True, strcat() does do a strlen() on dest while strlcpy() does a
strlen() on src and in this case dest is almost always going to be
bigger then src.
> I really doubt it makes a measurable difference and things may
> be muddied by gcc inlining some of the standard str* functions.
Agree.
Also, (this starts getting into architecture specifics) on x86 (not
x86_64) I'm pretty sure all function arguments are passed on the stack
and strlcpy() requires three arguments versus strcat()/strcpy() which
require only two. However, at this point I think the argument is
starting to get a bit ridiculous.
> However, you definately do not need the final strlen(ctx) in either
> case since you know that *scontext_len - 1 == strlen(ctx).
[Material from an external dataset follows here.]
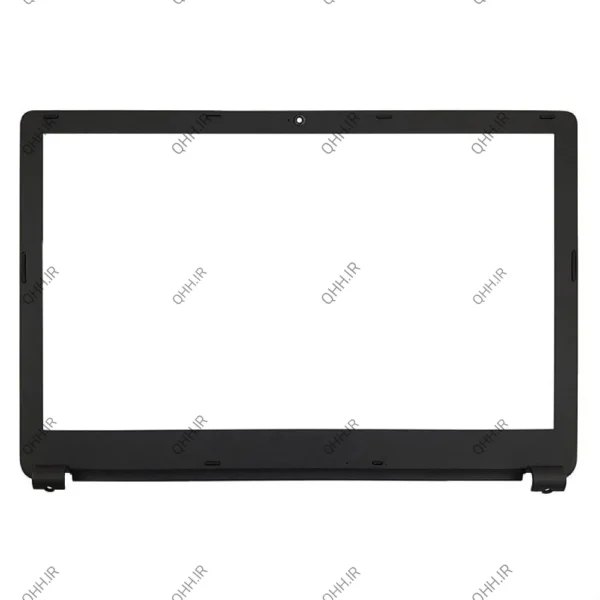 قاب جلو ال سی دی لپ تاپ ایسر Aspire E1-570_E1-572_E1-532_E1-530 مشکی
Disagree. At the point in time of the final strlen(ctx) call ctx looks
like this (note the lack of MLS range):
user_u:role_r:type_t
... where as scontext_len is equal to the strlen() of the full context
(MLS included). The results of strlen(*scontext) and *scontext_len are
not the same until after the call to mls_sid_to_context().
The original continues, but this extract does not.